### Records to use:
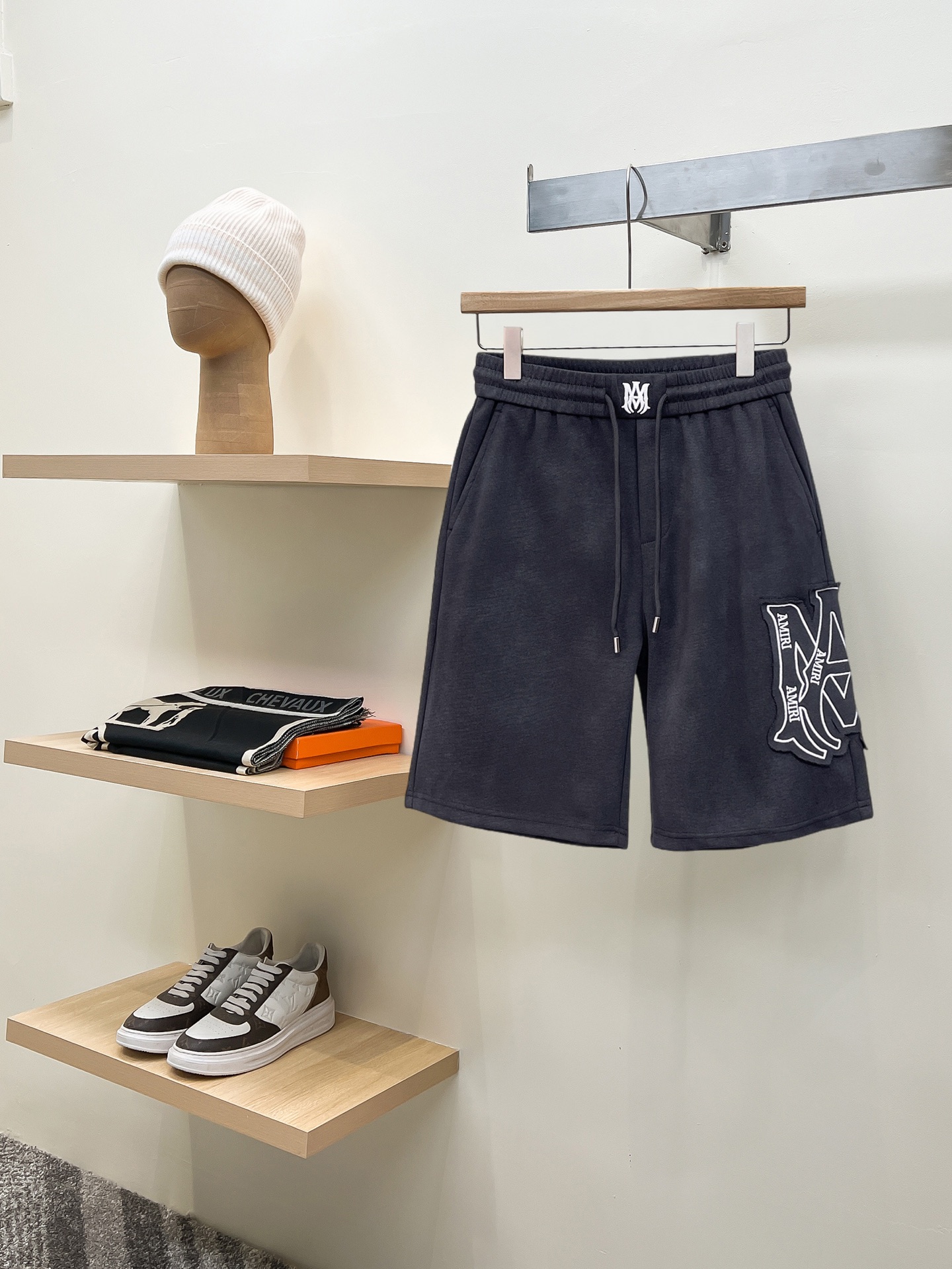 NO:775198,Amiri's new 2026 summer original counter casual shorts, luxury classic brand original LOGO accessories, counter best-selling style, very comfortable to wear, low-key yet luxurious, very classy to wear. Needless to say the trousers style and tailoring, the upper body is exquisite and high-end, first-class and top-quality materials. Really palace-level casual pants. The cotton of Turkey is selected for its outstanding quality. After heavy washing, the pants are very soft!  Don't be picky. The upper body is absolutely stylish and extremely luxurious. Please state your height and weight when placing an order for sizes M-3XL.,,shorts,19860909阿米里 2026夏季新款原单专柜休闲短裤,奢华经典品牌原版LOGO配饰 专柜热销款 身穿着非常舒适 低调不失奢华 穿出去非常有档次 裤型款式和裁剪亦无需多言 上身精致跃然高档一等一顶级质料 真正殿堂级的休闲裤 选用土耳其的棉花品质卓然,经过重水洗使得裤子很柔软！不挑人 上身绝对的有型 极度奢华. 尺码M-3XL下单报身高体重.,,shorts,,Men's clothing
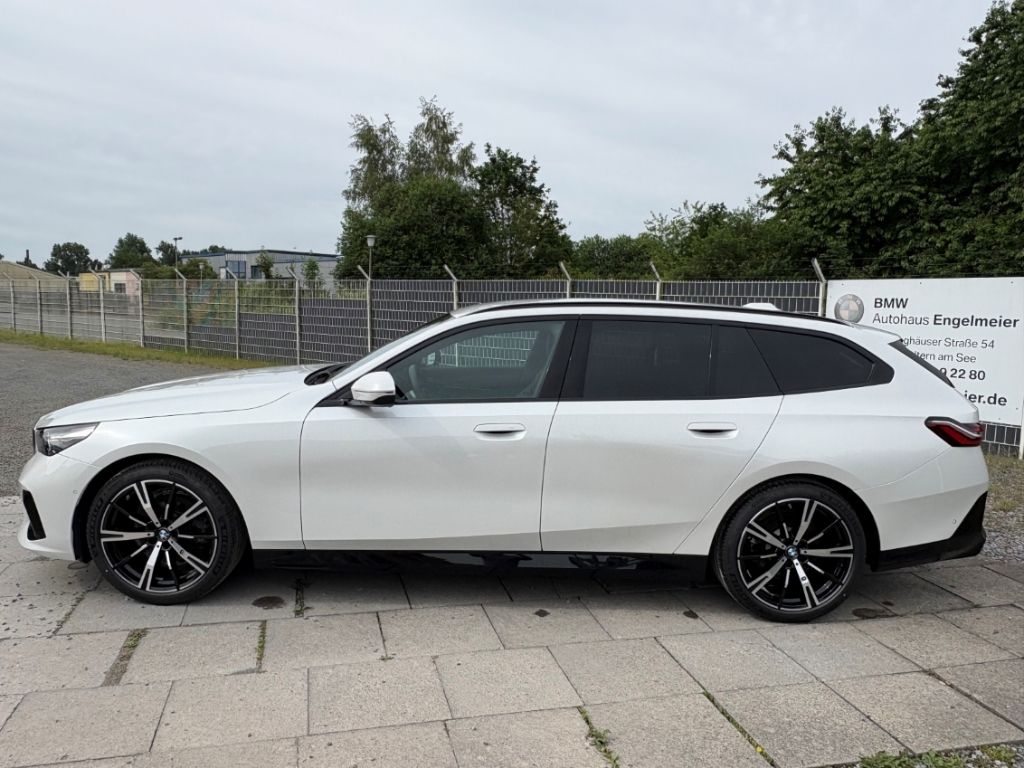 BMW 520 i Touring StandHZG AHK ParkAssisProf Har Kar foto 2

==

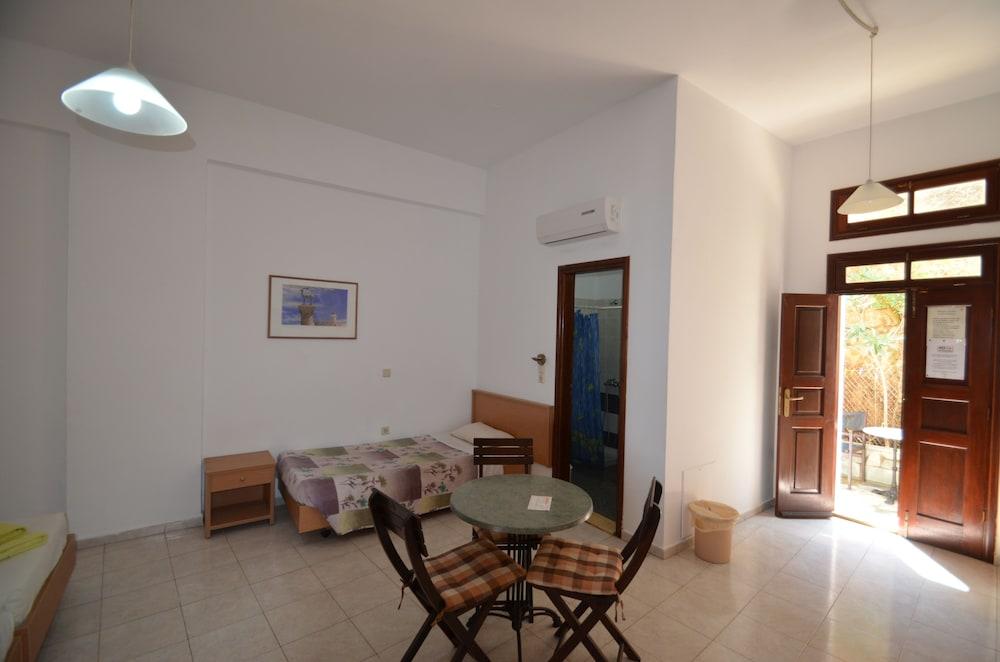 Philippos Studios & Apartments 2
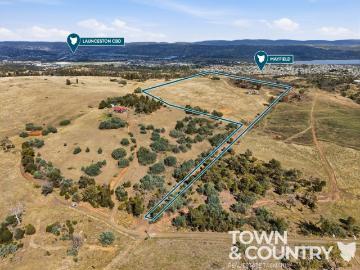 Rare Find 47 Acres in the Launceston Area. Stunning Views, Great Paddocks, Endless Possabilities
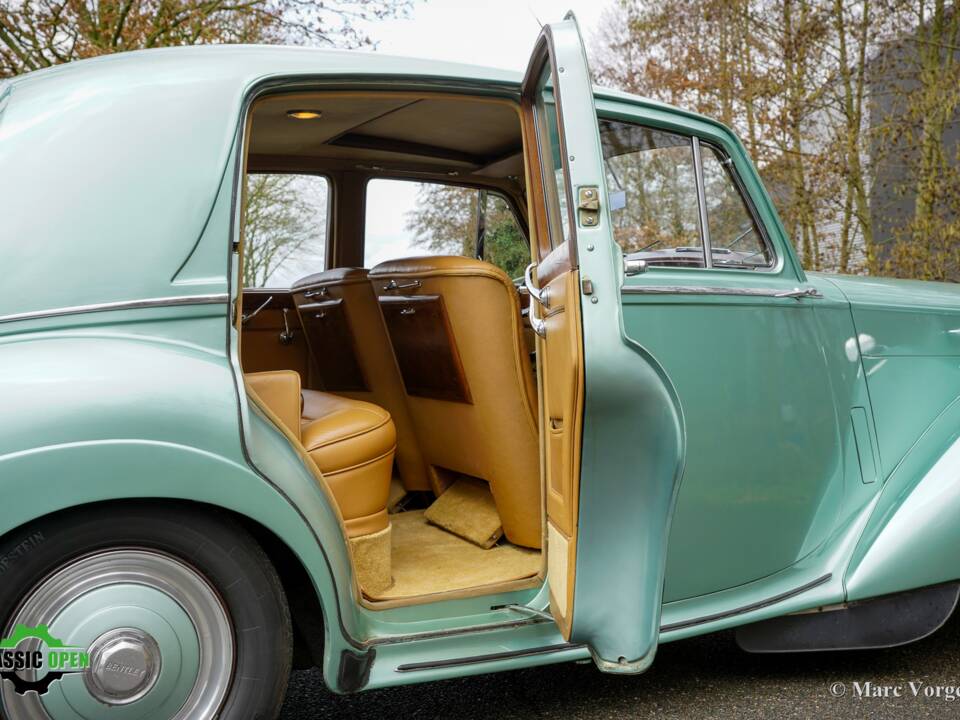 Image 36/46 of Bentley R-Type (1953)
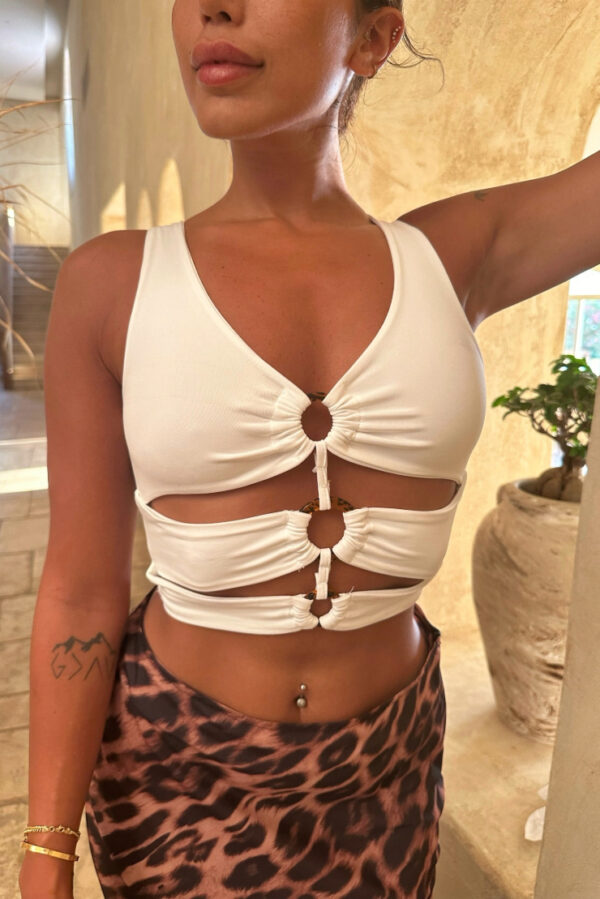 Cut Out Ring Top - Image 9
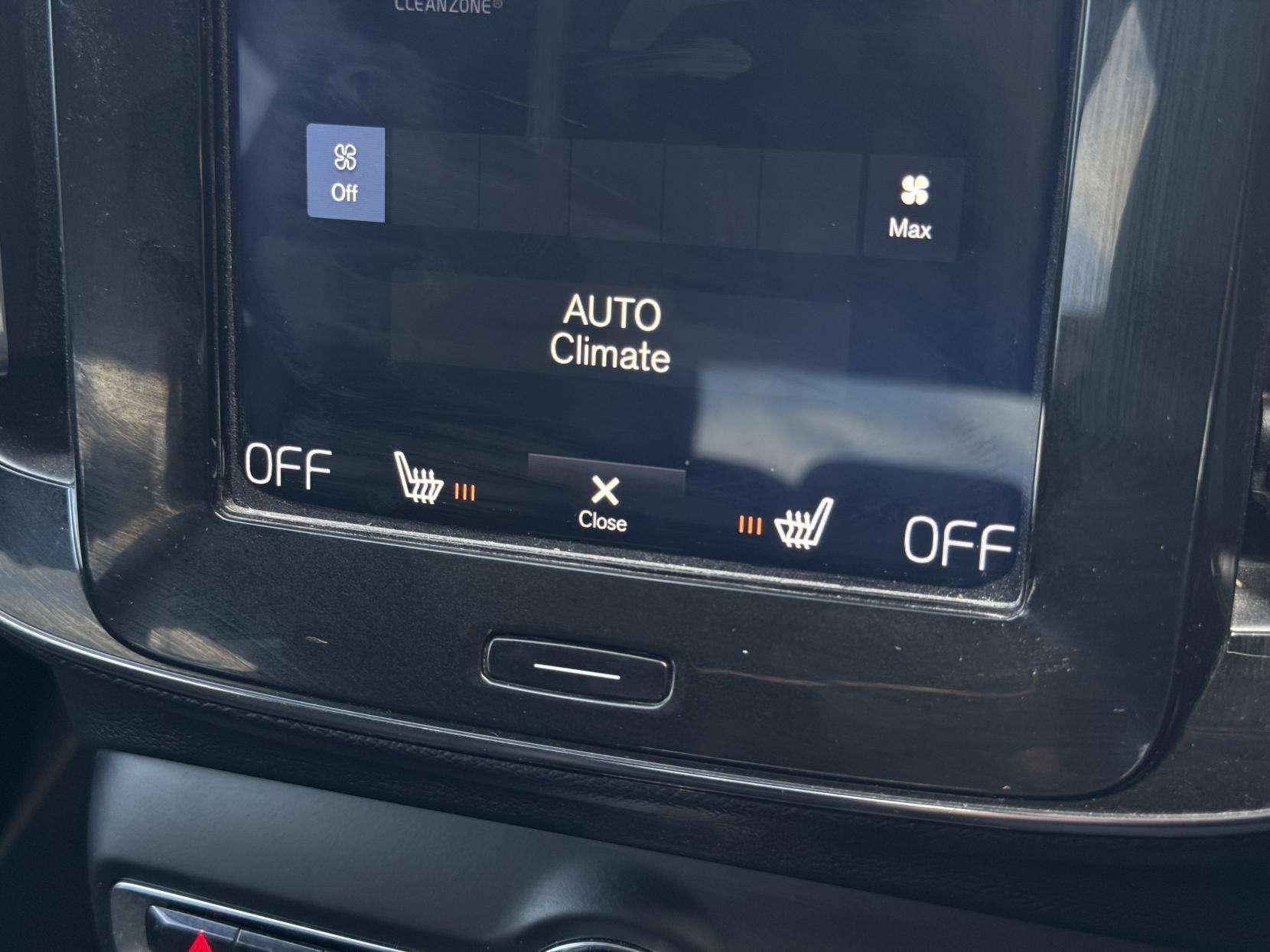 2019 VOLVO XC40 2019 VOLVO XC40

### Exercise requirements:
Since the pictures are not part of the copy, please transcribe only the lines above from the one with "Image 36/46 of Bentley R-Type (1953)" through the one with "2019 VOLVO XC40 2019 VOLVO XC40", exactly and with both ends.

### Result for this task:
 Image 36/46 of Bentley R-Type (1953)
 Cut Out Ring Top - Image 9
 2019 VOLVO XC40 2019 VOLVO XC40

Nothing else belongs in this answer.